Categories
Coding HTML Pandas Python Tutorial

Scraping HTML Tables using Python with lxml.html and Requests

I’m going to be looking at using lxml.html along with Requests to scrape some data from HTML tables from the internet.

I personally find this usually as I do some bike racing and the league tables are available online. However due to the number of riders these can be difficult to copy and paste into my own tables. This is where scraping the HTML tables comes in super handy. I get the data from the web page and usually export it into a CSV file using Pandas for manipulating later.

Let’s begin with our imports. These will include lxml.html, Requests and Pandas for passing the data into a DataFrame.

The Imports for Python

import requests
import lxml.html as html
import pandas as pd

Webpage of HTML Table

Next we will use some previous racing data I have for our HTML table. We will storage this into variable called url.

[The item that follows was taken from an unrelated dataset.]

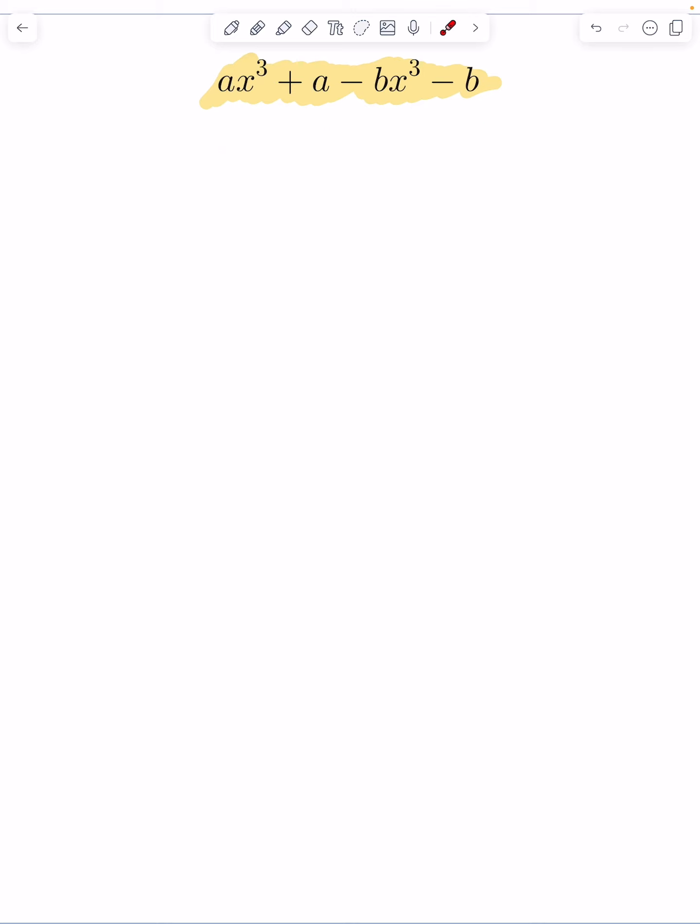Do I have a common factor throughout the expression? Do I have something I can factor out of the whole thing? No. Is there a simple trinomial? Nothing like that.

url = "http://results.smartiming.co.uk/view-race/cxnederwentsideccfoxberry2020senmv40/"


Storing the HTML Content of the Page

We now need to use Requests to get the information from that link. After that we will use lxml.html to get the HTML of the page we want to scrape.

page = requests.get(url)
content = html.fromstring(page.content)

Finding the HTML Table

So what most tables online have in common are <tr> tags. These are the rows of the table. We will then use this knowledge to scan our HTML code and look for these rows.

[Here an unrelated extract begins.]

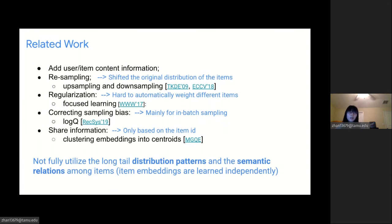Here is a quick overview about related work. The most common strategy to alleviate the long tail distribution influence in recommendation is to add rich user and item content information. There are also other strategies, such as resampling and regularization in the loss function. However, most of those methods do not fully consider the long tail distribution patterns in recommendation and the relations among head and tail items.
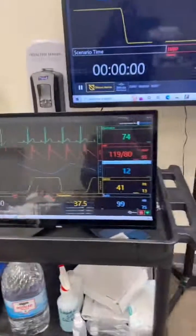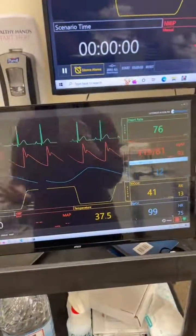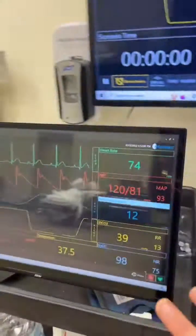Here's an example of a patient monitor. This is a sim lab — this is not an actual person. So let's walk through what all these numbers are.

tr_elements = content.xpath('//tr')

Storing the Header Columns of the Table

The data we will pull first from our table is the headers of the columns. We will storage these in an array called column_headers. Since these are found at the top, or our first item, we will use an index of 0 for our tr_elements.

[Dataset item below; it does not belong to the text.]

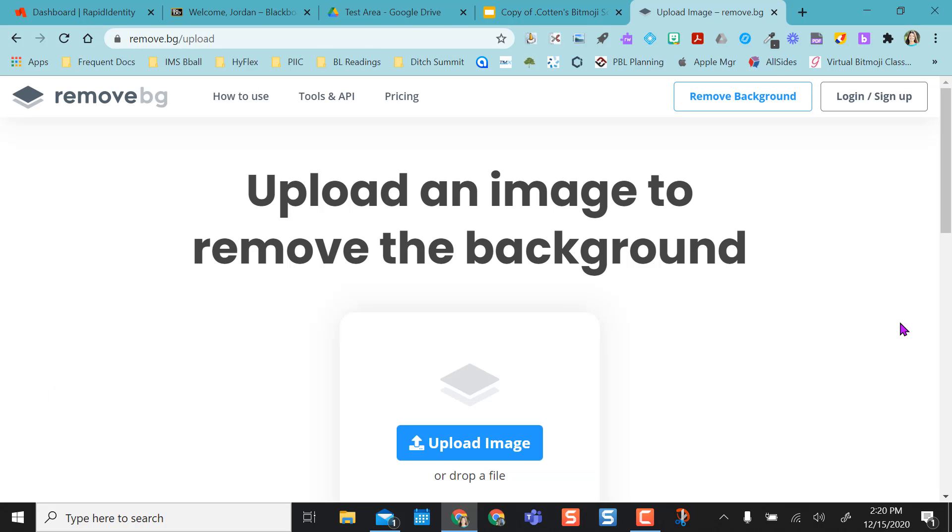Remove BG is a great site to quickly take the background out. It's the best thing being free to removing background from your images and very quick.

for column in tr_elements[0]:
    name = column.text_content()
    column_headers.append((name, []))

What we’re doing above is getting the first columns text (text_content()) and then appending that into our column_headers array.

Storing the Remaining Columns of the Table

Now it’s time to get the remaining data into our columns headers. We will be more or less be doing the same as above but we will have an additional for loop inside. This is because the first for loop will go through all the rows. While our second will go through all of the columns.

Let’s begin our row for loop. Since we have already got the headers using the above for loop, we no longer need this data. So we will use the range function to skip this by adding a 1. Remember that 0 is the first row. We will then get the length of the elements in our tr_elements variable after 0.

for row in range(1, len(tr_elements)):

Next we need to add an additional for loop so that it cycles through our columns. But before this we will store the data from our row in a variable as well as setting up a counter.

table_tr = tr_elements[row]
column_count = 0

for column in table_tr.iterchildren():
    data = column.text_content()
    column_headers[column_count][1].append(data)
    column_count += 1

So the above code is using the index of the row and then going along the column user our column_count variable. The data from the column is then getting append[ed] to our column_headers array from earlier.

Saving the Data into a DataFrame

Now that we have all of the tables data stored in our column_headers array, we can now add it to a DataFrame.

dictionary = {title : column for (title, column) in column_headers}
df = pd.DataFrame(dictionary)

That’s pretty much all there is to it. From here you could use the to_csv() function in Pandas to export it for use later.

Full Code Example

import requests
import lxml.html as html
import pandas as pd

pd.set_option('display.max_rows', 100)
pd.set_option('display.max_columns', 100)
pd.set_option('display.width', 100)

url = "http://results.smartiming.co.uk/view-race/cxnederwentsideccfoxberry2020senmv40/"
page = requests.get(url)
content = html.fromstring(page.content)
tr_elements = content.xpath('//tr')

column_headers = []

for column in tr_elements[0]:
    name = column.text_content()
    column_headers.append((name, []))

for row in range(1, len(tr_elements)):
    table_tr = tr_elements[row]
    
    column_count = 0
    
    for column in table_tr.iterchildren():
        data = column.text_content()
        column_headers[column_count][1].append(data)
        column_count += 1

dictionary = {title : column for (title, column) in column_headers}
df = pd.DataFrame(dictionary)